Checkpointing¶
A useful option, especially for long runs, is to be able to store the state of pocoMC in a file and also the to use
that file in order to later continue the same run. This can help avoid disastrous situations in which a run is interrupted
or terminated prematurely (e.g. due to time limitation in computing clusters or possible crashes).
Fortunately, pocoMC offers both options to save and load a previous state of the sampler.
Save¶
In order to save the state of the sampler during the run, one has to specify how often to save the state in a file. This is
done using the save_every argument in the run method. The default is save_every=None which means that no state
is saved during the run. If instead we want to store the state of pocoMC every e.g. 3 iterations, we would do
something like:
sampler.run(save_every = 3)
The default directory in which the state files are saved is a folder named states in the current directory. One can change
this using the output_dir argument when initialising the sampler (e.g. output_dir = "new_run"). By default, the state
files follow the naming convention pmc_{i}.state where i is the iteration index. For instance, if save_every=3 was
specified then the output_dir directory will include the files pmc_3.state, pmc_6.state, etc. One can also change
the label from pmc to anything else by using the output_label argument when initialising the sampler (e.g.
output_label="grav_waves").
Load¶
Loading a previous state of the sampler and resuming the run from that point requires to provide the path to the specific state
file to the run method using the resume_state_path argument. For instance, if we want to continue the run from the
pmc_3.state which is in the states directory, we would do:
sampler.run(resume_state_path = "states/pmc_3.state")
Load and Add More Samples¶
It is possible to add more samples to a finished run. This is useful when one wants to experiment with small runs until they get their analysis right, and then increase the number of required posterior samples to get publication-quality results. When save_every is not None, pocoMC will save a final file when sampling is done. By default, this is called pmc_final.state. We can load this state and change the termination criteria in order to add more samples, as follows:
sampler.run(n_total=16384, # This is the number of samples we want to draw in total, including the ones we already have.
n_evidence=16384, # This is the number of samples we want to draw for the evidence estimation.

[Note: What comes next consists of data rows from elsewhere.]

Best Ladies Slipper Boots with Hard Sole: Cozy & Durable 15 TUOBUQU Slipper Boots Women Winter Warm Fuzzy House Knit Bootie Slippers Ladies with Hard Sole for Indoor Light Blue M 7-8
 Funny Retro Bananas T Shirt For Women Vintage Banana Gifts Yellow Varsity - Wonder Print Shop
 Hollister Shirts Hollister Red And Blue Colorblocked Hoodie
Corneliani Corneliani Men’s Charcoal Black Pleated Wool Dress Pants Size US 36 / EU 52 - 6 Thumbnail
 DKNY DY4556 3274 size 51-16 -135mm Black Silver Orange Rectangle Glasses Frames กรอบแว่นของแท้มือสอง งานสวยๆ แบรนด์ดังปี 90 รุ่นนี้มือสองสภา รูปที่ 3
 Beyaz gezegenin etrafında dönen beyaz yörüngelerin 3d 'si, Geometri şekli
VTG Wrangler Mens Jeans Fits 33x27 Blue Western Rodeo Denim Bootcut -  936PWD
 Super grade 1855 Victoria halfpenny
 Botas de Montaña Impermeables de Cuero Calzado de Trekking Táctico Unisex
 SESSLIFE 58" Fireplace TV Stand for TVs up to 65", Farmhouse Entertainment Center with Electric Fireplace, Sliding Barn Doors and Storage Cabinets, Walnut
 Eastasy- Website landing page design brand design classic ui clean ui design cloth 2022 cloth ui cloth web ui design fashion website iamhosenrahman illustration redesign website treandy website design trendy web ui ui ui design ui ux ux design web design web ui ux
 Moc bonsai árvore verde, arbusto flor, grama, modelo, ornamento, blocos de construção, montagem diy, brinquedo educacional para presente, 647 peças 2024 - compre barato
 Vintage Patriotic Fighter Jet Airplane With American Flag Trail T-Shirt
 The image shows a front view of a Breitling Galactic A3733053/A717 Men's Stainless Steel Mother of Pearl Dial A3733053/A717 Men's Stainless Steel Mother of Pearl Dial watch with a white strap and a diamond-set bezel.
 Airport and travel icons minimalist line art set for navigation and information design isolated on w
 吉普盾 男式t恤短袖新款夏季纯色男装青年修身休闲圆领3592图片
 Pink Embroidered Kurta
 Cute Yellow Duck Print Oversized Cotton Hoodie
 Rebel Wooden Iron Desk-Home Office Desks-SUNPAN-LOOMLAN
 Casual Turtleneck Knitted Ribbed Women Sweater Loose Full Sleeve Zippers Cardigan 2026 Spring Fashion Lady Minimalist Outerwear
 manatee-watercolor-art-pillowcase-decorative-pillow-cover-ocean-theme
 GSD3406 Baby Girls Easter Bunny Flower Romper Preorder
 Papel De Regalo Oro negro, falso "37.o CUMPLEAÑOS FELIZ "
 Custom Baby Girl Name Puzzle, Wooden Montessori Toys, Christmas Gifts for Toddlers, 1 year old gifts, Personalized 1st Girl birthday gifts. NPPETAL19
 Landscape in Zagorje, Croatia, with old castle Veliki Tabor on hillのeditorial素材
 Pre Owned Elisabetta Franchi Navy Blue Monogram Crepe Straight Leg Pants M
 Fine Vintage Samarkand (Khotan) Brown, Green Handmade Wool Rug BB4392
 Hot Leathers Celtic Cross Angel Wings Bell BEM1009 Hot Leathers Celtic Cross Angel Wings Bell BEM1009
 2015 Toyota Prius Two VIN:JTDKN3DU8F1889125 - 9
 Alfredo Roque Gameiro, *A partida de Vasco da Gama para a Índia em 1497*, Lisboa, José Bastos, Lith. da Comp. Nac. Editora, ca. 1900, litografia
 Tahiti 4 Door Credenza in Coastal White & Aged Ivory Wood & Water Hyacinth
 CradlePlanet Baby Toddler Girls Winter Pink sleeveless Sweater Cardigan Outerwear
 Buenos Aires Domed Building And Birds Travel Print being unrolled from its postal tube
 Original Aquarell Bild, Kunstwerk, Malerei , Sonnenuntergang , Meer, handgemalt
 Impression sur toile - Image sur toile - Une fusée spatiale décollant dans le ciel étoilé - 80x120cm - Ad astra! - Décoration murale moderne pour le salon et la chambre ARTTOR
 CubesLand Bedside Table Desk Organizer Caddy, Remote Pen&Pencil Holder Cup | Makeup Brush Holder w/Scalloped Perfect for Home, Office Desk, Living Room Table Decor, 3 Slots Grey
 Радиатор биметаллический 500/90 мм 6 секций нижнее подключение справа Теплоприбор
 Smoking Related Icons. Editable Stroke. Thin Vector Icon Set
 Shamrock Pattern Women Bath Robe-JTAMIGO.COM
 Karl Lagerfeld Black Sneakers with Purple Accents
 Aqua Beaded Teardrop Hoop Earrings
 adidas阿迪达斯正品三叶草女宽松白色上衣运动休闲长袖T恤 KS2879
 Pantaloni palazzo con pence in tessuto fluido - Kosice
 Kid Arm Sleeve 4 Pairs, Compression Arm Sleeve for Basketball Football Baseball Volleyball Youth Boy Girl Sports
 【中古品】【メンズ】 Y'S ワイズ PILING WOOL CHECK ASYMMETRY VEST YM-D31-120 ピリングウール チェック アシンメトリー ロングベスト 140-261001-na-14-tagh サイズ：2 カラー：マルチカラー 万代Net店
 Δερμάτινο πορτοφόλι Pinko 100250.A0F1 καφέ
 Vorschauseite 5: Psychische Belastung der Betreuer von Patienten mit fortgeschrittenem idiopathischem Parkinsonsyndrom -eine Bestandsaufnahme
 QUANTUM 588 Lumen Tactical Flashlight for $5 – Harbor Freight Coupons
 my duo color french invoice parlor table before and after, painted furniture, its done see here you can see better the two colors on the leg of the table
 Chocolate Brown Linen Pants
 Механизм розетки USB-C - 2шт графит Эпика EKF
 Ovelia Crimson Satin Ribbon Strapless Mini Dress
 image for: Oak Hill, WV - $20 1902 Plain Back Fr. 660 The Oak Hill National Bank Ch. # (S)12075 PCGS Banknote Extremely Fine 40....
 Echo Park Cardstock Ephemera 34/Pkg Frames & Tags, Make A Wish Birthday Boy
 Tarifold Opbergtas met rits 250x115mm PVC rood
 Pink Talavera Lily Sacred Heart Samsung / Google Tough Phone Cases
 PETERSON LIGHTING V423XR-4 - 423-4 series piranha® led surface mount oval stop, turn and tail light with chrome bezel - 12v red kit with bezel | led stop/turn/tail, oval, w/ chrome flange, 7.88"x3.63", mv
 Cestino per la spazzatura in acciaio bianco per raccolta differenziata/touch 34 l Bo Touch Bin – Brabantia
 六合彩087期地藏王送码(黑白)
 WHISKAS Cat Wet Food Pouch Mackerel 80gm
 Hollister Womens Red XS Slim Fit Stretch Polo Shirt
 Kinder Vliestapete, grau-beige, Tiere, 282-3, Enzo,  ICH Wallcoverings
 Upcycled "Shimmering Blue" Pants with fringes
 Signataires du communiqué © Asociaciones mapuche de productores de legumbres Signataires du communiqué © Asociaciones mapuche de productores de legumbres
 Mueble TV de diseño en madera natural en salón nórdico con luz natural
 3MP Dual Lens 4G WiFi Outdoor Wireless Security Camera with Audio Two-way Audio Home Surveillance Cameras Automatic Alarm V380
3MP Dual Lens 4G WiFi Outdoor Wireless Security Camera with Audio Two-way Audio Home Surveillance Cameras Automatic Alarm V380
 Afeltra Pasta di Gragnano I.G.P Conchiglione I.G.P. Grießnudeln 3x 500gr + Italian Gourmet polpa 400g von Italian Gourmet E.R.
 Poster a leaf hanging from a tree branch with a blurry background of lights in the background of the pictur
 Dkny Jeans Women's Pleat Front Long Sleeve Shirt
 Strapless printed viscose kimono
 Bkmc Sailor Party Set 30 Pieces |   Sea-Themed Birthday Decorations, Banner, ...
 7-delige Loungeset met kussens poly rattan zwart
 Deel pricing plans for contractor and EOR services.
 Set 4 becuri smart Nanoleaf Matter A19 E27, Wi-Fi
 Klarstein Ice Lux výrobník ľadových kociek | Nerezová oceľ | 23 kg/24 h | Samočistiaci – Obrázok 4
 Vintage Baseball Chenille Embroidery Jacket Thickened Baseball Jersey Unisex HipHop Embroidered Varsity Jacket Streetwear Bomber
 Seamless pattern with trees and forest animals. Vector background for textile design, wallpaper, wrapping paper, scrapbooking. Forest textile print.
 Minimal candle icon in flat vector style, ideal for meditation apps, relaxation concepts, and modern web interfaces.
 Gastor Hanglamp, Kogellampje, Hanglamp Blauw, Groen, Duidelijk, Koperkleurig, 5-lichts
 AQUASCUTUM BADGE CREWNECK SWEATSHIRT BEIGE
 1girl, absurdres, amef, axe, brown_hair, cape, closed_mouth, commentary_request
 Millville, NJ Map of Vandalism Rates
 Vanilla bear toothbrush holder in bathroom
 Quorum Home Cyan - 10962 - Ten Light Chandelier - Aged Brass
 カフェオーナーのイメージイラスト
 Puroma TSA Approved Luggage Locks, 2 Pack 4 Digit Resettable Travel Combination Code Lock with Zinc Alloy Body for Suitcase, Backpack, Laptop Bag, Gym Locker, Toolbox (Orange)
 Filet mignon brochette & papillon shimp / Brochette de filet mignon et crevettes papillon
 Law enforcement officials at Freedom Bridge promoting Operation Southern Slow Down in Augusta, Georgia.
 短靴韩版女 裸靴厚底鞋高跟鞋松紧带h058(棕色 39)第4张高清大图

resume_state_path = "states/pmc_final.state")
In this case, we chose to terminate sampling when the total ESS exceeds n_total=16384, which is higher than the default value of n_total=4096. Furthermore, we also provided a higher number of samples used for the evidence estimation. This means that the new evidence estimate will be more accurate than the original. However, could have chose to set n_evidence=0 and only added more posterior samples.